Negli anni Novanta Mario Rigoni Stern – che faceva parte di una schiera di scrittori di razza – scrisse un libro compiutamente maturo, che concludeva un’ideale trilogia dell’Altopiano. “Le stagioni di Giacomo” racconta la parabola di un amico di infanzia, parallela a quella dello scrittore, di cui si è appena celebrato il centenario della nascita. Una vicenda di grandissima umanità, incastrata fra le due guerre: la gioventù, la voglia di diventare grandi, il dolore con cui convivere…

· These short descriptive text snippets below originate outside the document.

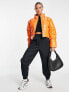 Missguided cropped vinyl puffer jacket in orange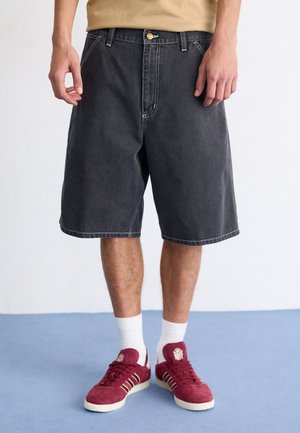 Personne portant un short en jean noir jusqu'aux genoux, des chaussettes blanches et des baskets rouges, debout sur un sol bleu.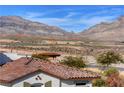 Scenic view overlooking the desert landscape with mountains and neighborhood rooftops at 4 Lomita Heights Dr, Las Vegas, NV 89138
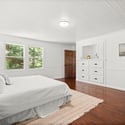 Bright and spacious bedroom featuring large windows, hardwood floors, and ample storage for comfort and convenience.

I miei anni Novanta non sono stati caratterizzati solo dall’ascolto dei dischi degli Oasis, dallo studio appassionato delle materie che amavo e dal disinteresse totale per quelle che non mi sconfinferavano, ma anche dalla lettura delle opere che via via pubblicavano autori (oggi quasi tutti passati a miglior vita) protagonisti di una stagione irripetibile, specie a guardarla qualche decennio dopo, come Gesualdo Bufalino, Sergio Atzeni, Anna Maria Ortese, Mario Rigoni Stern, Francesco Biamonti (che Rigoni Stern frequentava e, in più di un’intervista, indicava come il più bravo di tutti), Dacia Maraini, Sebastiano Vassalli, Paolo Volponi, Luisa Adorno, Giuseppe Pontiggia, Claudio Magris, Ermanno Rea, Daniele Del Giudice. Rigoni Stern da Asiago, quasi dall’impero asburgico, per quanto potesse sembrarmi il più lontano per coordinate geografiche e per temi, per apparente eccentricità e spaesamento nel salotto buono delle lettere, era invece uno dei più vicini, lontano da ogni frastuono. E di certo non «un salice nano nella foresta della letteratura», come si era autodefinito in un’intervista a un quotidiano.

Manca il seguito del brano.